Use cases encountered by our customers include:

  • bank transaction fraud issues;
  • the detection of material failures or damage as part of the optimisation of the predictive maintenance framework.

The detection of anomalies is usually an unsupervised learning technique that involves detecting data samples with characteristics which are very different to those of other samples.

For this, a first approach (theorised, for example, by the lean manufacturing and 6 sigma methods) involves calculating the mean and the standard deviation of the data to determine a “probability density” function. This function is then used to calculate the probability of the existence of an atypical sample of data. The rule is as follows: the sample is considered abnormal if this probability is below a certain threshold.

A threshold makes it possible to isolate anomalies – it can be fixed or adaptable. An adaptable threshold is constantly updated and adapts to the data in real time.

These techniques are very effective, but other more modern methods with which to recognise anomalies in data have been developed in recent years.

The isolation forest is used to calculate an anomaly score for each observation in a data set. This score gives a measure of the normality of each observation based on the data set. To calculate this score, the algorithm isolates the relevant data in a recursive way. It chooses a variable at random and sets a cut-off threshold at random, before evaluating whether this makes it possible to isolate a particular observation.

This type of algorithm is preferable in the case of a large-scale mathematical problem (with a large number of observations and variables).

Operation illustration

In the following example, forest isolation is applied to data that contains two variables (x and y) and a single anomaly (the extreme point that appears in red on the graph).

Principle of the algorithm

Result : You have understood the idea! In our example, just 3 splits (also known as “separations”) are enough to isolate the sample in red (a supposed anomaly, due to its distance from the other data). However, in the mass of data (i.e. “normal” data), it would have taken perhaps between 100 and 400 splits to isolate a sample.

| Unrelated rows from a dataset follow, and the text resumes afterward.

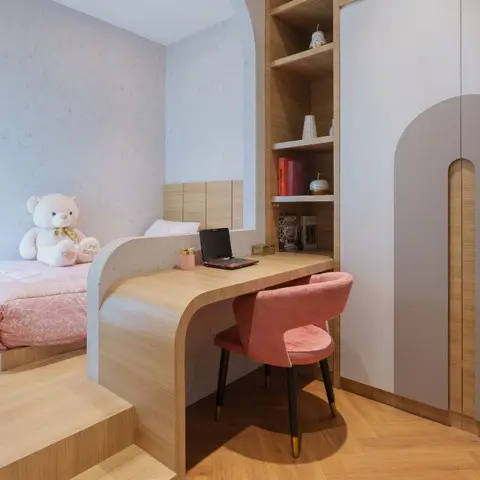 A kids' bedroom with a curved built-in study nook beside a platform bed, an arched wardrobe door, and a pink accent chair on herringbone wood flooring.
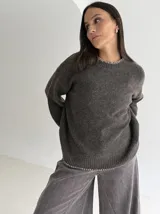 Sweater de punto color gris con cuello redondo, mangas largas y terminaciones con detalle de pespunte en color crudo en el cuello, puños y ruedo.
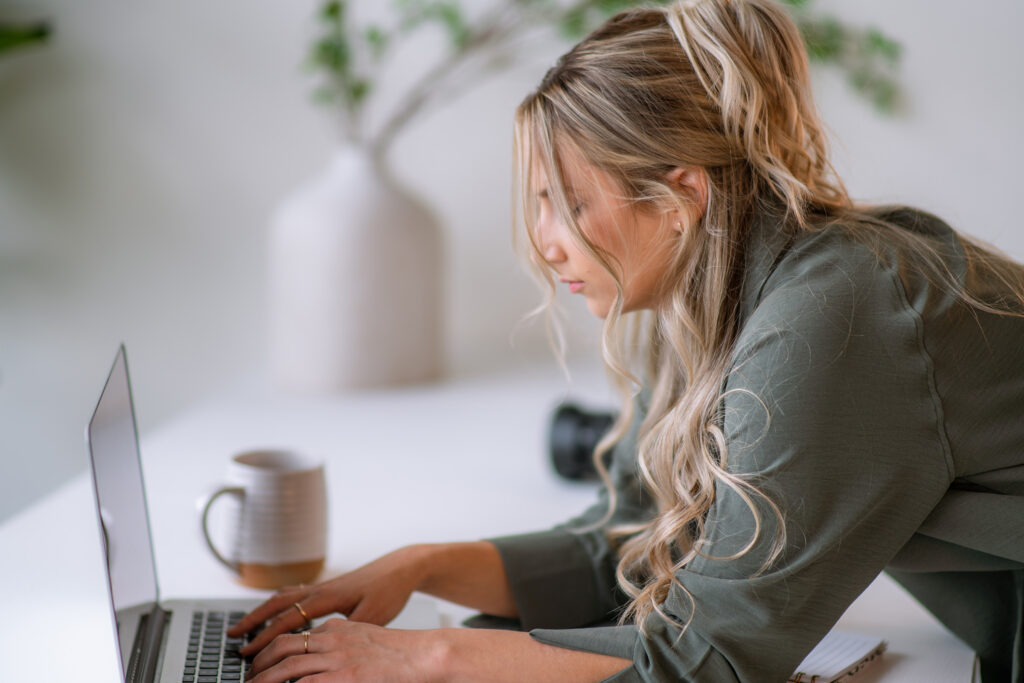 Writing homepage headlines using a brand messaging framework on a laptop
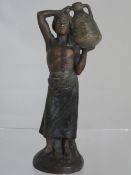 Victorian hand coloured plaster figure of a water carrier impressed 9985 to base. 20 cm`s height.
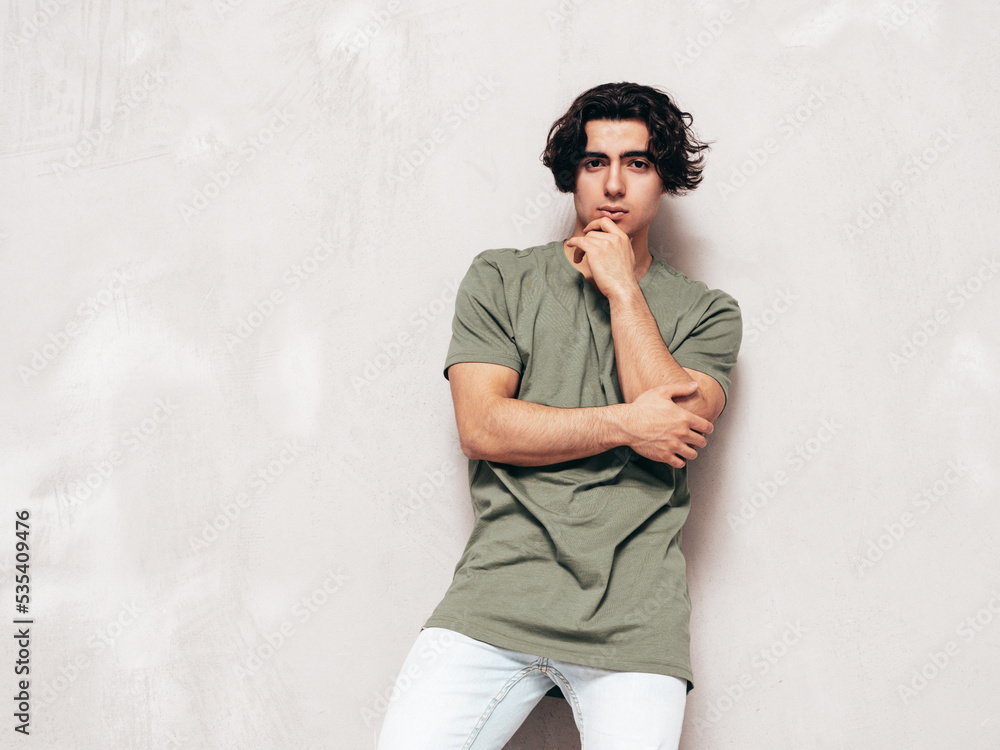 Portrait of handsome confident stylish hipster lambersexual model.Man dressed in over size T-shirt and jeans. Fashion male isolated in studio. Posing near grey wall Portrait of handsome confident stylish hipster lambersexual model.Man dressed in over size T-shirt and jeans. Fashion male isolated in studio. Posing near grey wall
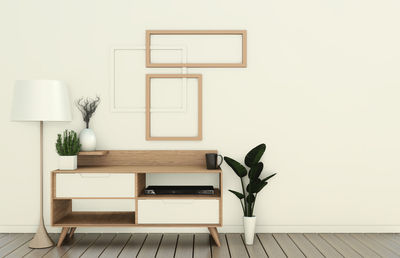 Potted plant on table against wall at home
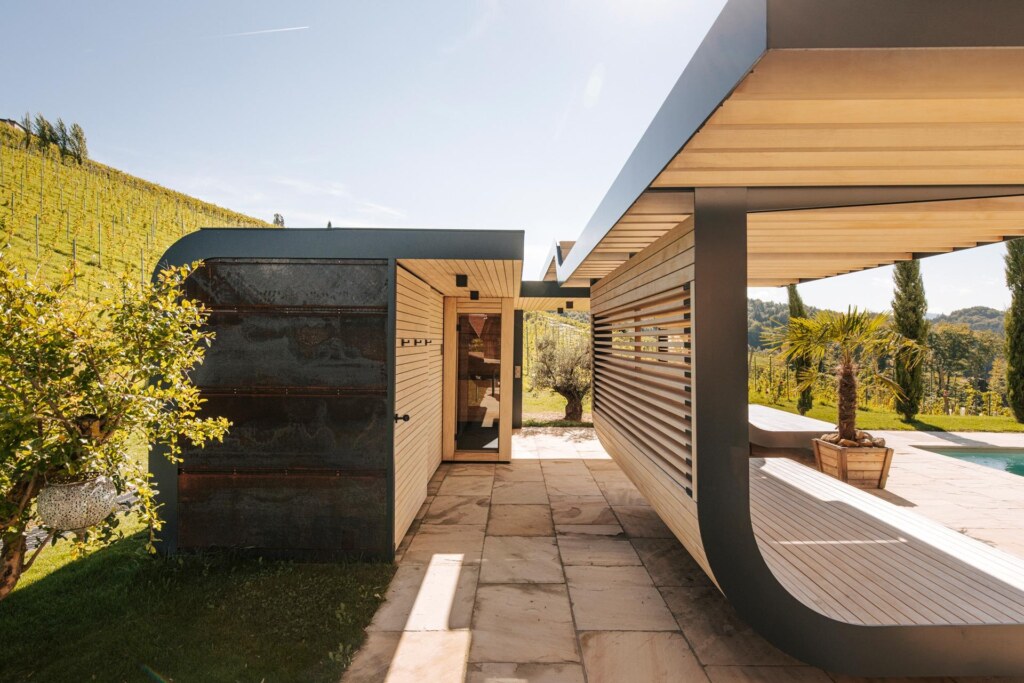 Außensauna in ein Poolhaus eingebaut, mit Sichtschutz, Liegeflächen, harmonisch eingebettet in einen Garten am Weinberg.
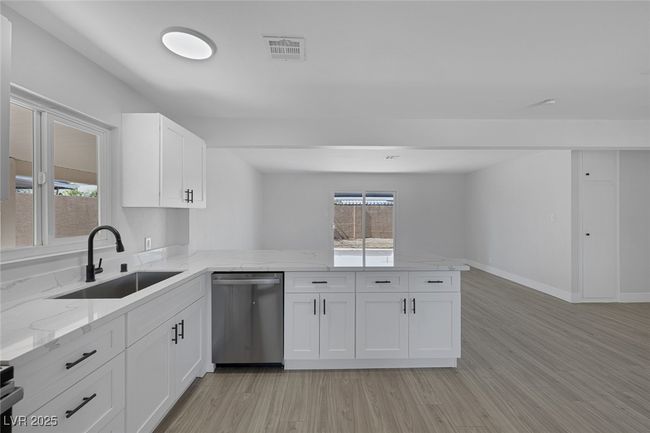 Kitchen featuring stainless steel dishwasher, a peninsula, white cabinetry, light wood finished floors, and light stone counters | Image 13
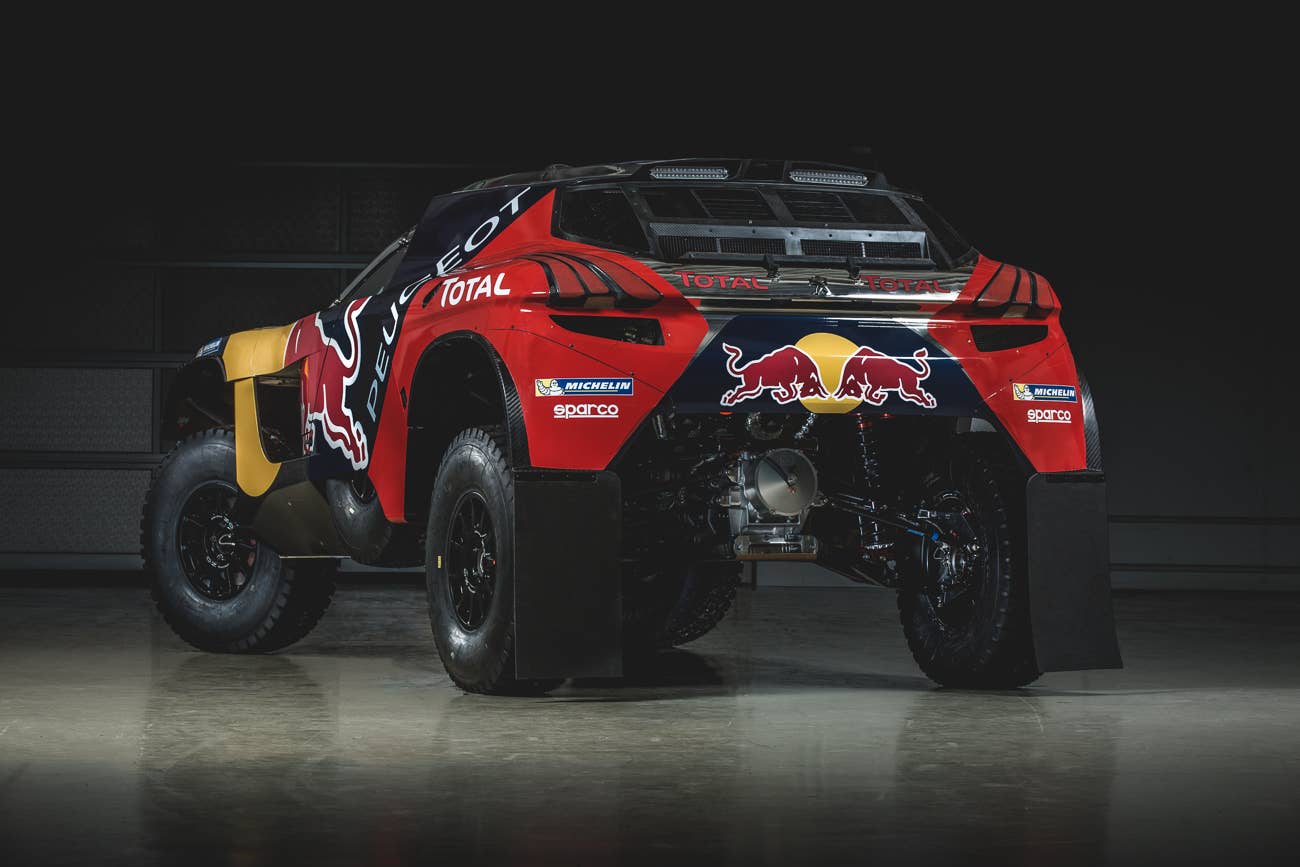The Peugeot 2008 DKR for the 2016 Dakar Rally, rear three-quarter view.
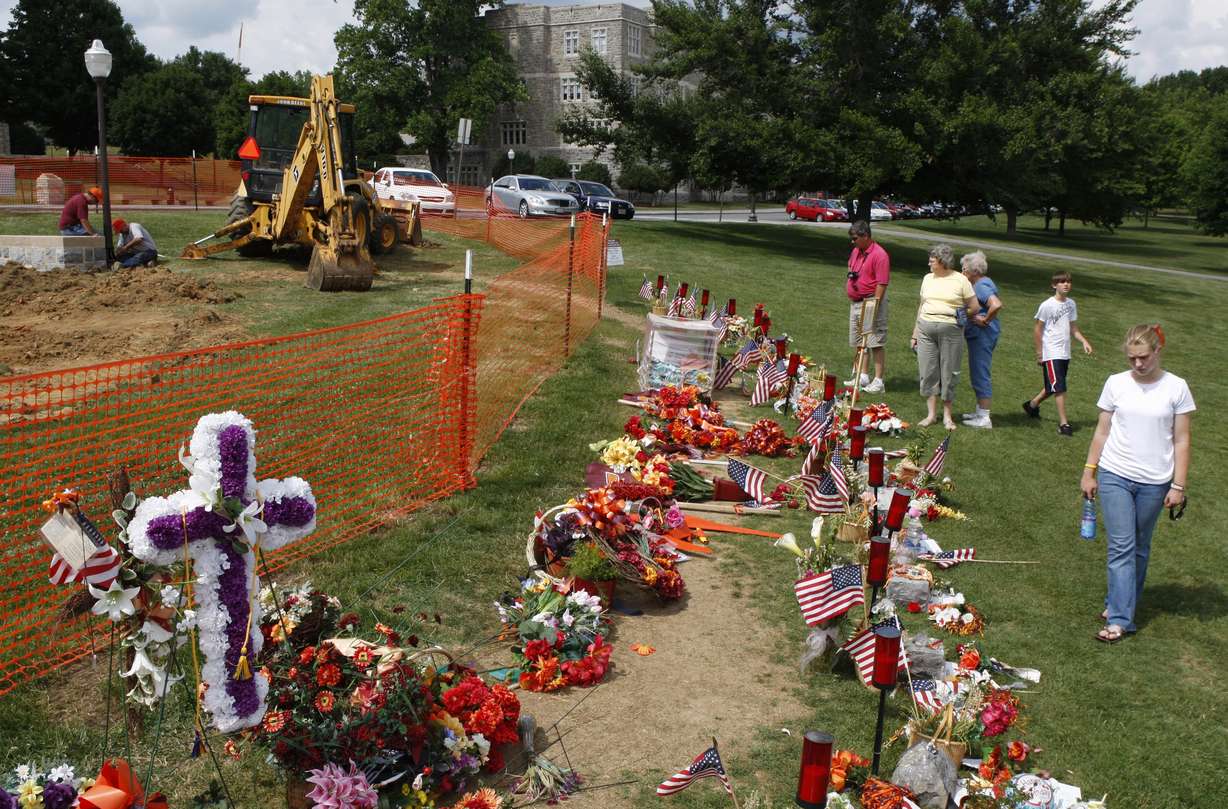 Visitors stop by a makeshift memorial made up of a semi-circle of stones for the Virginia Tech shooting victims on the Drill field of the Virginia Tech campus in Blacksburg, Va., June 13, 2007. A survivor of the shooting spoke at the University of Utah's annual campus safety summit on Thursday.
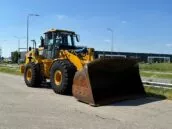 Yellow Caterpillar wheel loader parked on a road near industrial buildings under a clear blue sky.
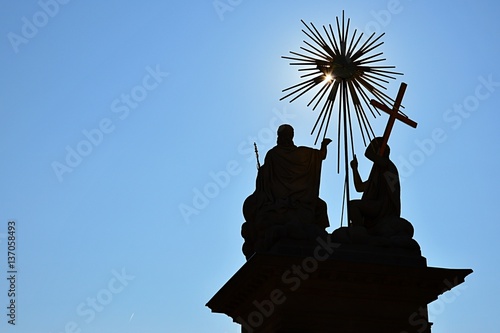 Silhouette of God the Father, Jesus Christ and Holy Spirit on The Holy Trinity column in Nova Bana, Slovakia photo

Remember: the lower the number of splits, the higher the probability that the observed sample is an anomaly.

A forest of trees?

It should be noted that with the random splits process, it is possible to incorrectly isolate a sample from the mass of data (“normal” data). It is unlikely, but it can happen. The solution to overcome this risk of incorrectly isolating a normal sample involves generating several decision trees as estimators. Each of these trees will perform a sequence of random splits. The average of all of the results will then be considered. We can therefore disqualify the few minor errors that can be made by some of these estimators because “the majority will prevail.” Again, ensemble techniques give our results a vital robustness.

Using the algorithm in Python

The sklearn.ensemble.IsolationForest class is used to instantiate a forest isolation model.

Implementation of the isolation forest algorithm

The result is conclusive: the algorithm has understood that there is an outlying point (an anomaly) in the data.

Note that in the implementation of sklearn, the threshold of points to be considered as abnormal is defined by the contamination rate. In our example, the rate of contamination is equal to 0.01 (i.e. 1%). Our data is therefore considered to contain 1% anomalies.

To summarise…

These first three chapters have been devoted to algorithms based on decision trees. These algorithms are widely used, and are extremely effective for solving data problems.

By the way, if you are hoping to work as a data scientist, it is highly likely that interviewers will ask you to describe how one of these algorithms works.

The anomaly score for each observation depends on the “contamination” parameter, which is set during the training phase. This implies that even before constructing the machine learning model, it is essential to have a good idea of the percentage of abnormal data.